National sevens team
- Years: Team / Comps
- 2022–: United States / 2
- Allegiance: United States
- Branch: United States Army
- Service years: 2020–present
- Rank: Captain
- Medal record
Women's rugby sevens
Representing United States
Olympic Games
| Bronze medal – third place | 2024 Paris | Team competition |

= Sammy Sullivan =

American rugby union player (born 1998)

Samantha "Sammy" Sullivan (born May 22, 1998) is an American rugby sevens player. She competed for the United States at the 2024 Summer Olympics, where the team earned a bronze medal.

Originally from Fayetteville, North Carolina, Sullivan spent four years at the United States Military Academy in West Point, New York, where she played on the Women's Rugby team for three and a half seasons. Her spring 2020 7s season was canceled due to COVID-19. Sullivan played both 7s and 15s rugby as an Army Black Knight.

== Early life ==
Sullivan was born in Tacoma, Washington, to Michael Sullivan, a U.S. Army colonel, and Cindy Sullivan, a math teacher. Growing up, she spent time in Germany, Kentucky, California, and Hawaii, but considers Fayetteville, North Carolina, home. She has a twin brother.

After graduating from Jack Britt High School in Fayetteville, North Carolina, Sullivan enrolled at West Point in the fall of 2016.

== Rugby career ==

=== College career ===
Sullivan joined the rugby program at the start of her freshman year at West Point and became a starter just three games in. Sullivan played rugby 15s in the fall and rugby 7s in the spring.

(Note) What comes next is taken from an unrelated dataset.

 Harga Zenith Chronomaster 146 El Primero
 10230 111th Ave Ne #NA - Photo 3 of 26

During her time as a Black Knight, Sullivan earned many accolades, becoming a 3x NIRA 15s All-American (2017, 2018, 2019), 2019 Prusmack Award winner, 2019 Collegiate Rugby Championship Tournament MVP, and a HSBC All-Academic Team honors, (2019–20). Sullivan became the first-ever rugby Army Athletic Association Award (AAA) recipient.

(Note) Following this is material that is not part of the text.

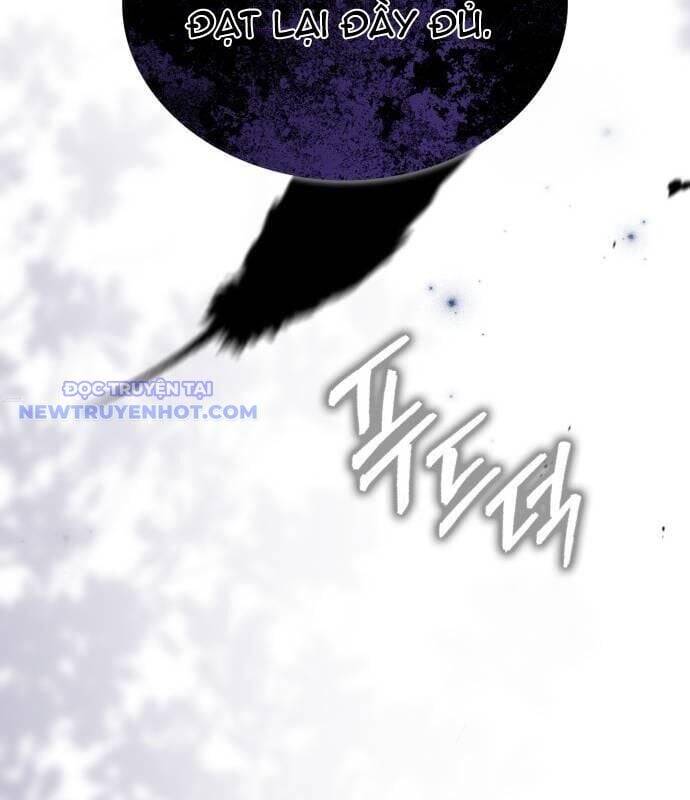 Hoàng Tử Bán Thuốc Chương 63 Ảnh 144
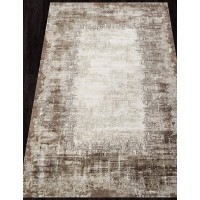 Ковер ARMINA GA020А brown/brown 2,0*2,9 (5,8 м.кв.) Ковер ARMINA GA020А brown/brown 2,0*2,9 (5,8 м.кв.)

=== National Sevens career ===
2022 saw Sullivan make her XVs USA Rugby debut in 2022 Pacific Four Series against Canada, her USA Sevens National Team debut during the 2022 Rugby World Cup Sevens in Cape Town, and her World Rugby Series debut at Dubai Sevens in December. At the 2022 Rugby World Cup Sevens, the team lost to France in the bronze medal match and finished fourth overall.

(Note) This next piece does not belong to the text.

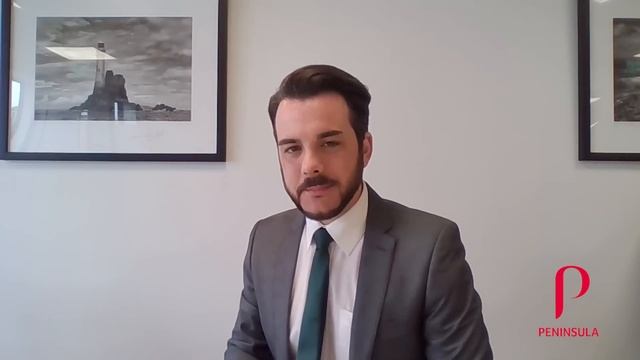 Aa9fdc6e0d88072ab099049643c88c62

Sullivan totals seven total caps with USA Rugby, 6 (7s) and 1 (XVs).

At the 2024 Summer Olympics, Sullivan was on the bronze medal-winning team for the United States.

=== Premier Rugby Sevens ===
2021

Sullivan played in the inaugural Premier Rugby Sevens season, suiting up with the Southern Headliners. Sullivan and the Headliners went 3–1 at the Championship Tournament, falling 28–14 to the Loonies in the Finals.

==== 2023 ====
Sullivan joined the Pittsburgh Steeltoes during the program's inaugural season. Sullivan and the Steeltoes participated in two tournaments throughout the summer as they were eliminated from advancing to the championship.

Sullivan opened the season tallying one try in the Eastern Conference Kickoff in Austin, Texas. The Steeltoes placed third at the first tournament of the year after falling 21–19 to her former team, the Headliners in the first round. The Steeltoes edged the Texas Team, 22–0 to clinch third place.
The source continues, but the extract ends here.